This figure shows that the distribution of data in different climatic zones (Figure 1) and months (from 2002 to 2010) equally contributed to the overall correlation between observations and predicted data, indicating a robustness of the results.

5. Discussion and Conclusions

According to cow characteristic changes and adaptation abilities under different conditions, the effect of climate variability on animal products and quantities of nutrients and yield is very hard to work out in full detail [1].
The assumption is that the interactional effect of air temperature, humidity, wind speed, and solar radiation make a critical point of heat stress with a negative effect on cows’ body metabolism. It was reported in 1988 by Dupre et al. [31] that 11% of metabolic rate is altered by changing 1 °C in body temperature. We do not consider indirect effects of climate variability, e.g., variable nutrient contents of forage crops through different growing conditions.
Heat stress has a negative effect on hypohydration, endurance and thermoregulatory control systems, and changes the blood volume and plasma osmolality of cows. As well, it affects rumen function, hormonal status, and maintenance energy requirements; it increases respiratory rate and sweating, and reduces feed intake and activity. Cows under heat stress lose large quantities of potassium which could lead to an increase on blood acidity [32,33,34,35]. To moderate the effects of heat stress, cows might be protected from direct solar radiation using a combination of fans and wetting, improving the cooling system, and developing nutritional strategies [36]. Other heat stress management possibilities for cows are to stay in the barn or to graze on pasture in the pasturing system [37].
In this study, we suggested a statistical approach to find out the best multiple linear regression model for the influence of heat stress on key components of milk. Additionally, the aim was to consider uncertainties as much as possible.
Here, the effect of heat stress on the fundamental milk compounds milk yield, fat, and protein contents were investigated. We obtained three suitable models (Equations (4), (5) and (8)) as the best multiple models between climate indices and milk yield for spring and summer.
In total, six different predictors of heat stress indicators are introduced which summarize, as much as possible, the physiological knowledge of the reaction of cattle on environmental forcing. The appropriate mix of predictors is determined by a solely data driven approach: the least absolute shrinkage and the selection operator LASSO. The result of multiple linear regression models lead to correlation and R2 values which are highly promoted and provide more suitable and significant models than those suggested by single indices in Marami et al. [2,4] and other studies.
We found that the single use of indices is valid only under certain and specific climate conditions. The results exhibited that each index separately shows very different correlation with milk compounds although these indices have high correlation with each other (Marami et al. [2,4]). Coping with this problem, in 2002 Brake and Bates [38] developed a method of limiting metabolic rate which allows all heat stress indices to be compared with each other virtually.
In contrast with Brake and Bates, we eliminated this problem by applying multiple linear regression models to develop new indices through the combination of single heat stress indices and climate parameters together with considering uncertainties as much as possible.
For fat and protein, no significant model is better than what is suggested by Marami et al. [2,4] in the previous studies. For milk yield, a clearly superior model was identified. Note that the regression coefficients in the three models (Equations (4), (5) and (8)) can be directly compared due to the normalization of predictors as well as predictands.

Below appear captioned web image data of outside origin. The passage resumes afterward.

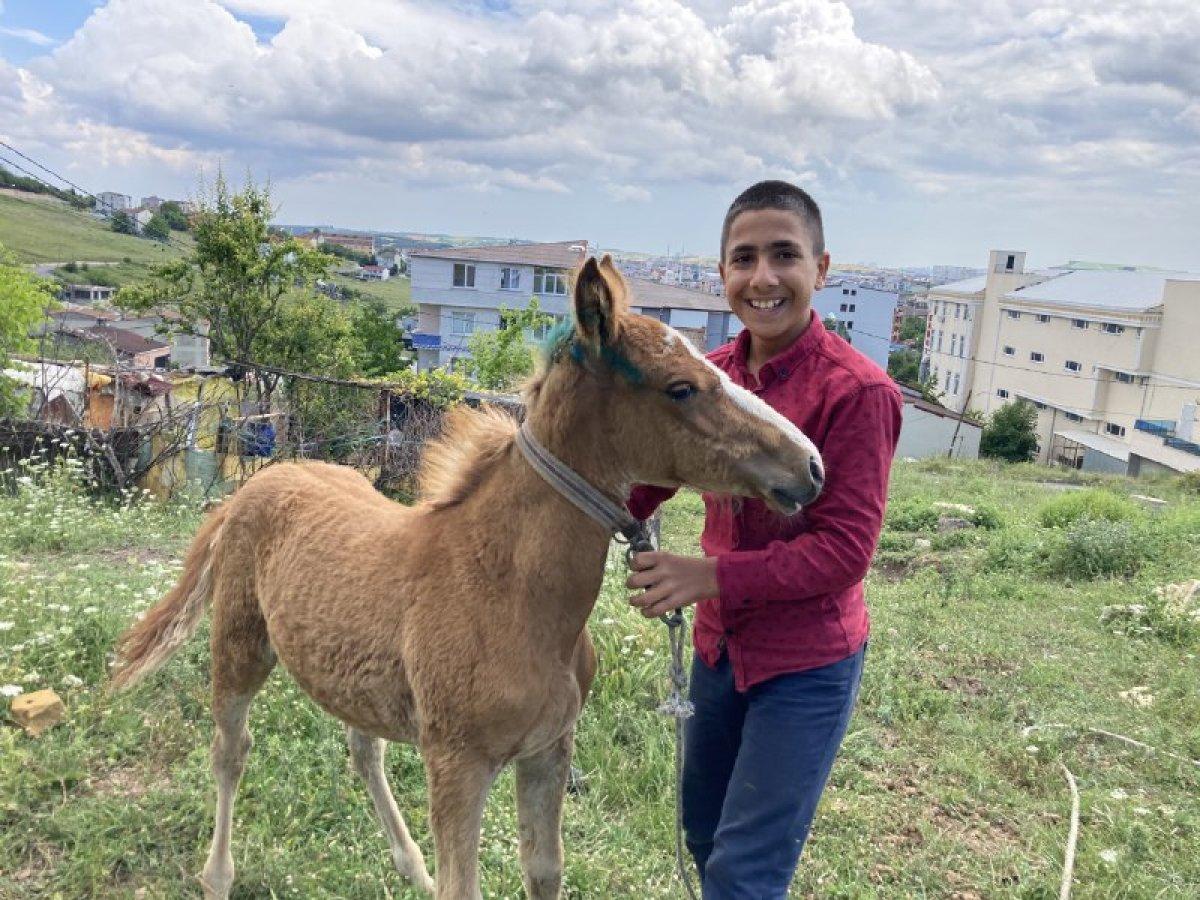 Arnavutköy'de atlarına araba çarptı, 23 bin 467 liralık tebligat geldi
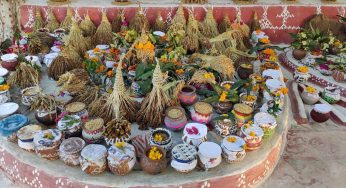 Festival of indigenous seeds at Dasapalla promotes ecological farming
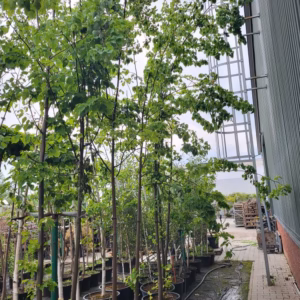 Tilia cordata lipa drobnolistna (obw. pnia 4-6 cm)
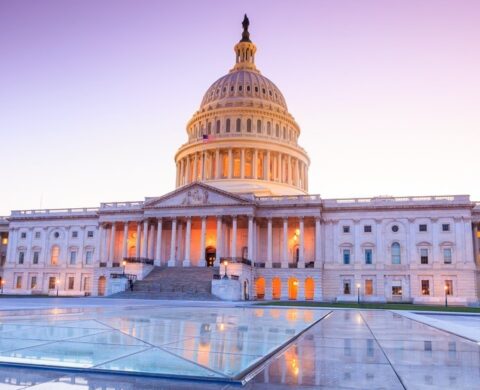 US Capitol Crop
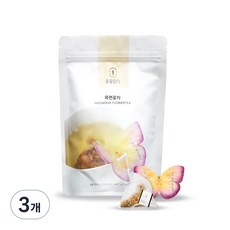 꽃을담다 나비티백 목련꽃차, 500mg, 10개입, 3개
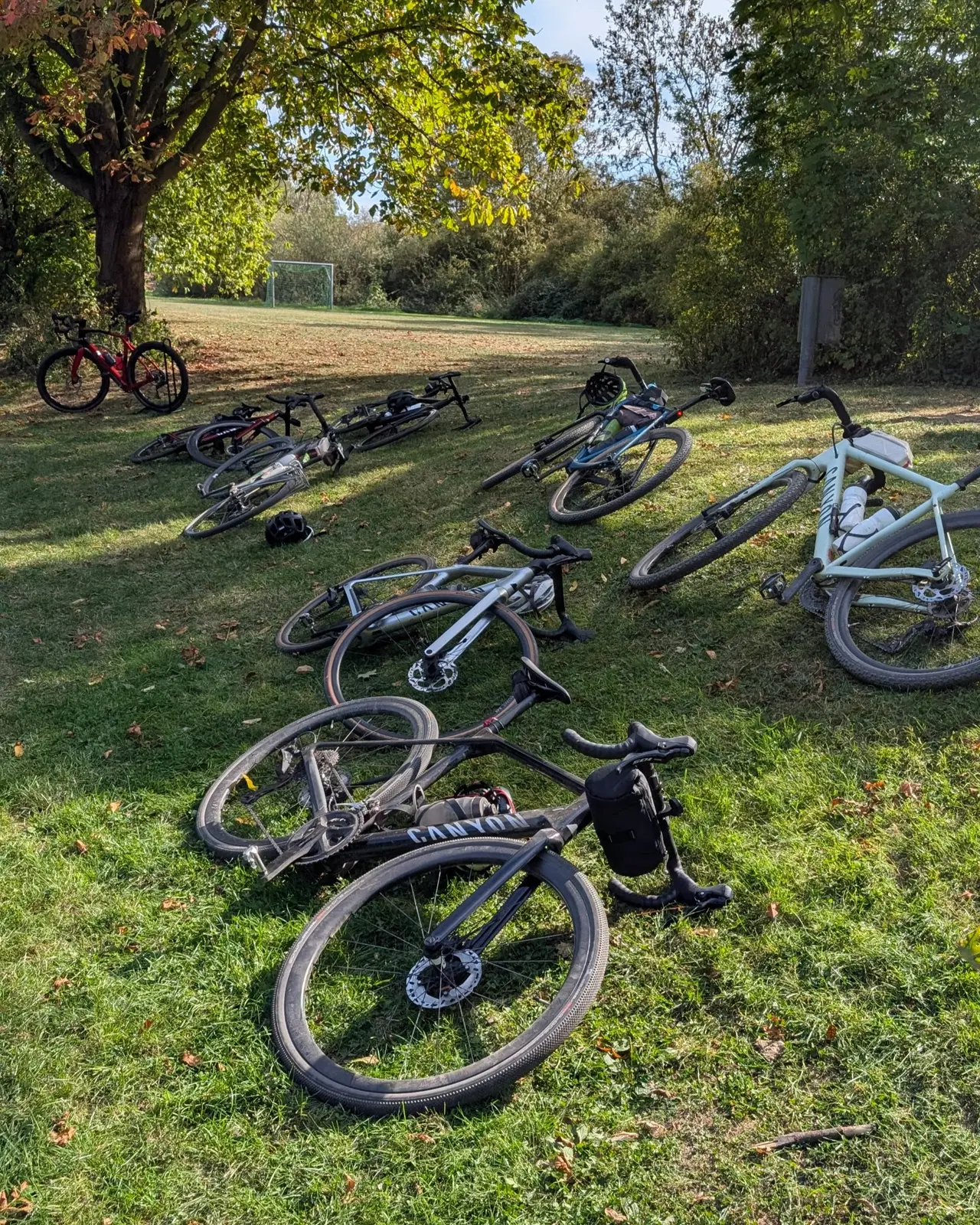Fahrräder bei einer Pause im Grünen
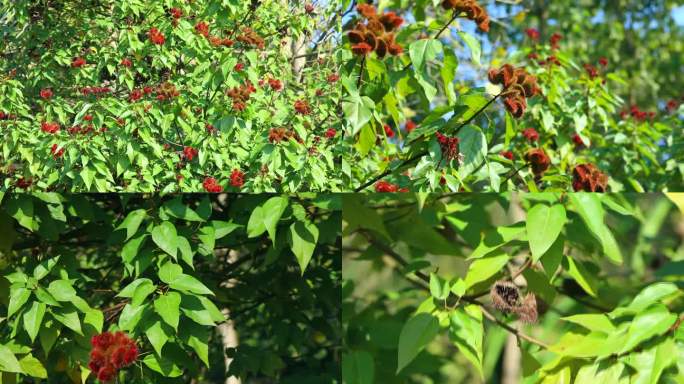 红木 酒红色果荚 种子 叶 茎 植株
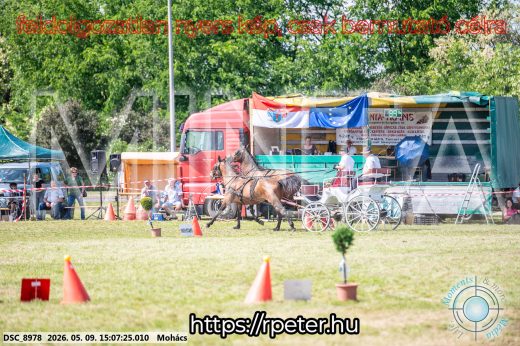 Mintakép 20260509-766
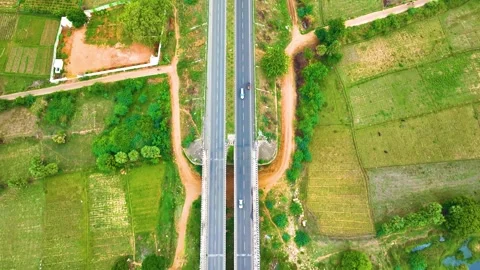 Paddy Field and Bridge - Drone Shot Stock Footage 254269428
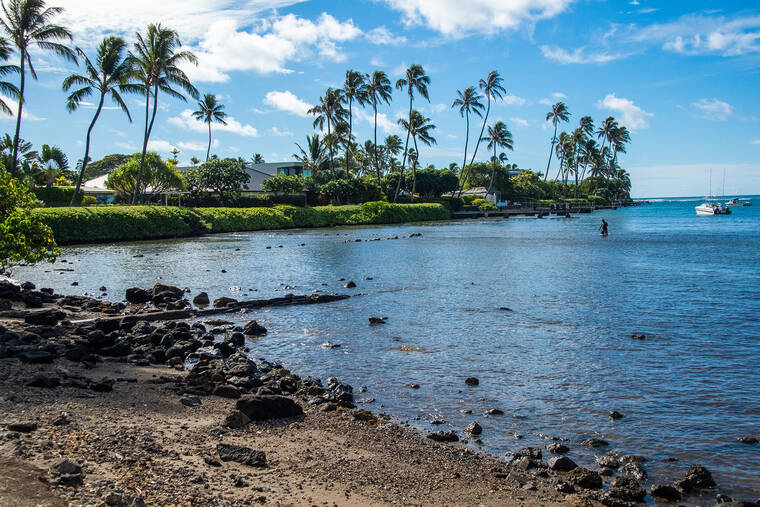 Man cited for illegal laynet fishing at night off Wailupe Beach Park ...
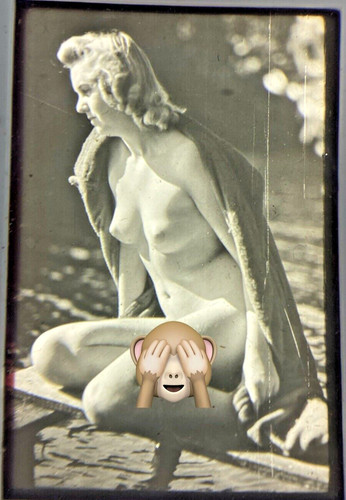 Dia weiblicher akt nackt nud - akt,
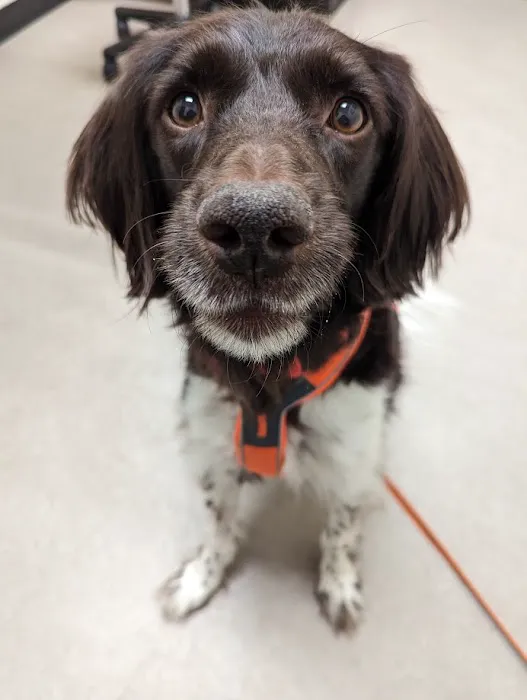 Guilderland Animal Hospital Picture 10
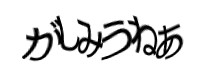 Authentication image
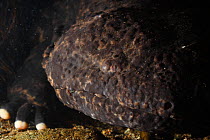 Close up portrait of a Japanese giant salamander (Andrias japonicus) in  river, Japan, January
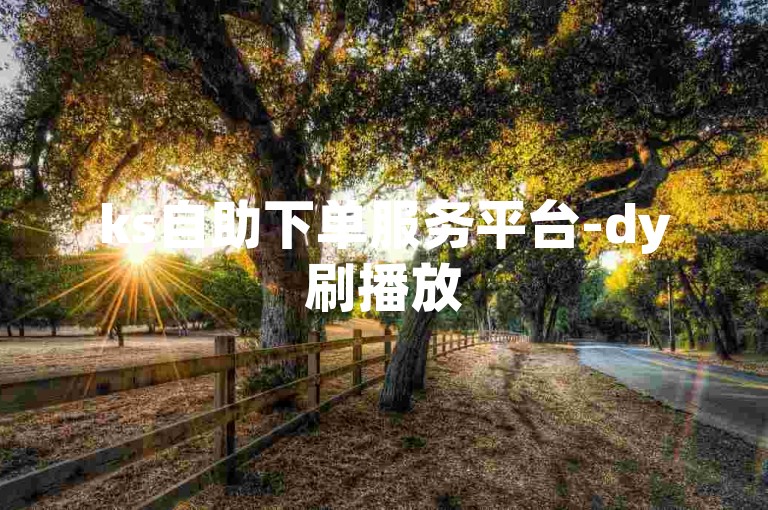 ks自助下单服务平台-dy刷播放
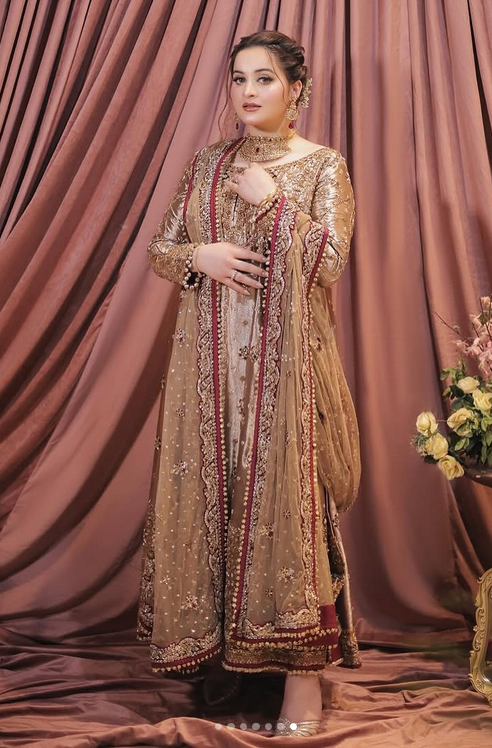 Haris Shakeel Mesuri Hand Embellished & Embroidered Maxi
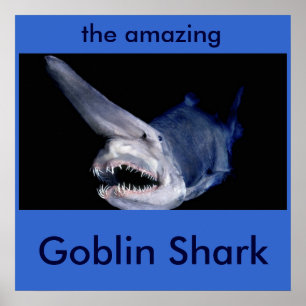 Póster Goblin Shark
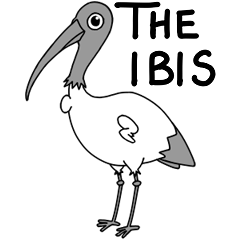 Bin Chicken (The Aussie Ibis)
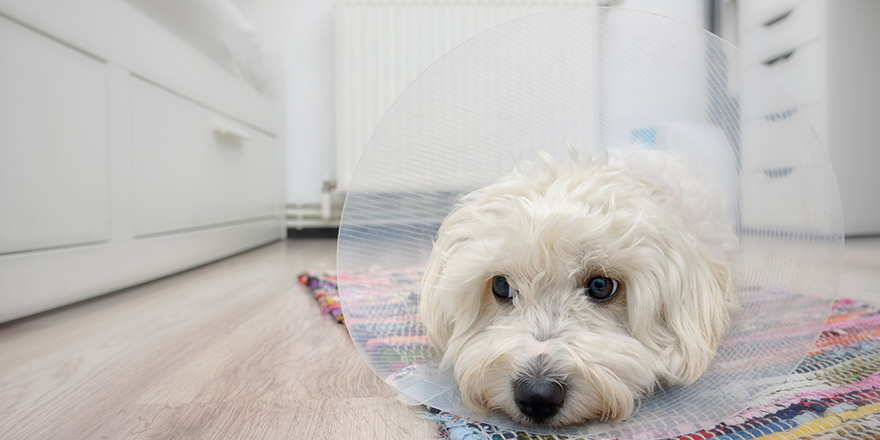 Sad Maltese dog with plastic elizabethan (buster) collar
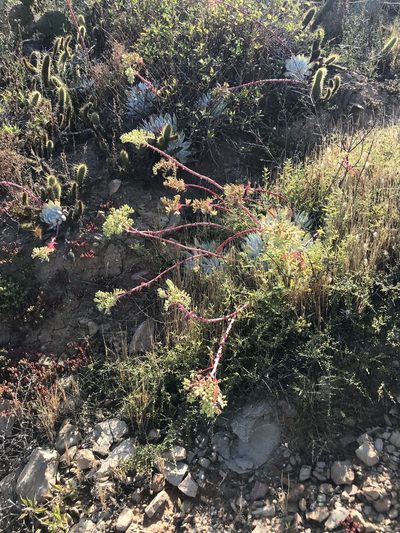 Dudleya candida, photographed by Sula Vanderplank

For both spring and summer, THI is the major driving negative component, meaning that an enhanced heat stress expressed by the temperature and humidity effects alone [31] leads to a reduction in milk yield. The difference between both seasons is that the THI is about two times more effective in yield reduction during spring than during summer. The second identified component with a negative influence upon milk yield is modeled through ETI. This index differs from THI by the inclusion of wind velocity which by the ventilation effect apparently contributes additional information beyond the co-linearity with THI. Further influences in variations of the milk yield are modeled with ESI, HLI, and RRP depending on the season, with ESI having always a positive effect upon milk yield. All three indices differ from the THI and ETI through their inclusion of solar radiation. This also gives an explanation as to why the combined indices provide a superior model in terms of explained variance of milk yield: It is the combination of temperature, humidity based heat stress with ventilation effects and the solar radiation as an additional heat source, which together serve as a driver of the metabolic processes listed above. The results of this statistical analysis can not completely rule out that the indirect effects, e.g., through nutrient content, play a role. However, the definition of the indices in use is with emphasis on the metabolic effects.
It is strongly suggested that investigating the effects of climate variability on fundamental milk components is done separately on every single parameter of milk. The critical points of heat stress indices need to be updated for different climate conditions because of characteristic changes and cows´ adaptation ability. It is very important because it is the starting point of the negative effects on milk compounds [1].
Based on the discussion above, the authors strongly recommend new indices considering different climate conditions with more predictors, such as sunshine duration, quality of cows’ feed, color of skin with attention to large black spots, and some categorical predictors such as breed, welfare facility, and management systems with categorical codes to control the critical heat stress conditions.

Acknowledgments

The authors warmly thank from Nasim Azari at the Food Science Engineering Department of Science and Research branch of Tehran Islamic Azad University, Ahmad Moghimi Esfand Abadi and Asghar Salimi Niknam at the Animal Breeding Centre of Iran in Karaj, branch of the Iranian Ministry of Agriculture, Behnam Saremi and Ali Asadi for supporting the milk data. We are also grateful to Ali Mortazavi in Department of Food Science, Ferdowsi Mashhad University for his cooperation. Warmely thank to Harry Leach from the University of Liverpool for spelling check.

Author Contributions

A.H. and A.P. supervised the methodology of the study and the used statistical methods. E.R. contributed data and tools for analyzing. M.R.M.M. performed the statistical analysis, interpreted the results, and wrote the initial manuscript. All authors contributed to read and edit the final manuscript.

Conflicts of Interest

The authors declare no conflict of interest.

References

  1. Gomes da Silva, R.; Campos Maia, A.S. Thermal stress indexes. In Principles of Animal Biometeorology; Springer Science & Business Media: Dordrecht, The Netherlands, 2013; pp. 207–229. [Google Scholar]
  2. Milani, M.R.M.; Hense, A.; Rahmani, E.; Ploeger, A. A pilot investigation of the relationship between climate variability and milk compounds under the bootstrap technique. Foods 2015, 4, 420–439. [Google Scholar] [CrossRef]
  3. Hammami, H.; Vandenplas, J.; Vanrobays, M.L.; Rekik, B.; Bastin, C.; Gengler, N. Genetic analysis of heat stress effects on yield traits, udder health, and fatty acids of Walloon Holstein cows. J. Dairy Sci. 2015, 98, 4956–4568. [Google Scholar] [CrossRef] [PubMed]
  4. Milani, M.R.M.; Hense, A.; Rahmani, E.; Ploeger, A. A Survey of the relationship between climatic heat stress indices and fundamental milk components considering uncertainty. Climate 2015, 3, 876–900. [Google Scholar] [CrossRef]
  5. Tibshirani, R. Regression shrinkage and selection via the lasso. J. R. Stat. Soc. B 1996, 58, 267–288. [Google Scholar]
  6. Moran, D.S.; Epstein, Y. Evaluation of the environmental stress index (ESI) for hot/dry and hot/wet climates. Ind. Health 2006, 3, 399–403. [Google Scholar] [CrossRef]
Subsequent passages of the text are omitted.